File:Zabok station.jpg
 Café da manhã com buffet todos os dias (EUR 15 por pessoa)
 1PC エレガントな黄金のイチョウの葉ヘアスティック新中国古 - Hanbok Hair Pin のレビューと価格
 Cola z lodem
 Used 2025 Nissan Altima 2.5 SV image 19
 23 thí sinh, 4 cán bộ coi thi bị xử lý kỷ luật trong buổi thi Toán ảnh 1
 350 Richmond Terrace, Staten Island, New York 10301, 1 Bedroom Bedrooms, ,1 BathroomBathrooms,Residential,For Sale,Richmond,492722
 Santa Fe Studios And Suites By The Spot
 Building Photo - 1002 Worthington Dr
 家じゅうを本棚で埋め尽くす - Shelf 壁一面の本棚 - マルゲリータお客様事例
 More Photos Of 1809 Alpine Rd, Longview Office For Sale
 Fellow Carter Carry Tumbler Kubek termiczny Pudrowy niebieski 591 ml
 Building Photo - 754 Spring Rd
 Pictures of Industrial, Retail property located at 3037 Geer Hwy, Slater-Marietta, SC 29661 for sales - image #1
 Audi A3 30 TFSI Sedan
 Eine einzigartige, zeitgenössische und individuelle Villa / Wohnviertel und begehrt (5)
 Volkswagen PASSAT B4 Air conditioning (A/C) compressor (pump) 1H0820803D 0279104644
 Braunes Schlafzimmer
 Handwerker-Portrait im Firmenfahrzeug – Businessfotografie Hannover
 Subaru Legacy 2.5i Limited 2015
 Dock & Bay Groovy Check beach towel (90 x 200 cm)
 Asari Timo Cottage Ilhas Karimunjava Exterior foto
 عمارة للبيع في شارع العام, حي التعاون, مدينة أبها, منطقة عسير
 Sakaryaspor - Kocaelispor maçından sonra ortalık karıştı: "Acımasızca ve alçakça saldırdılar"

#####

=== Your objective ===
Give back only the lines from the one containing "Audi A3 30 TFSI Sedan" through the final line of the entries above, exactly as written, both included.

=== Task answer ===
 Audi A3 30 TFSI Sedan
 Eine einzigartige, zeitgenössische und individuelle Villa / Wohnviertel und begehrt (5)
 Volkswagen PASSAT B4 Air conditioning (A/C) compressor (pump) 1H0820803D 0279104644
 Braunes Schlafzimmer
 Handwerker-Portrait im Firmenfahrzeug – Businessfotografie Hannover
 Subaru Legacy 2.5i Limited 2015
 Dock & Bay Groovy Check beach towel (90 x 200 cm)
 Asari Timo Cottage Ilhas Karimunjava Exterior foto
 عمارة للبيع في شارع العام, حي التعاون, مدينة أبها, منطقة عسير
 Sakaryaspor - Kocaelispor maçından sonra ortalık karıştı: "Acımasızca ve alçakça saldırdılar"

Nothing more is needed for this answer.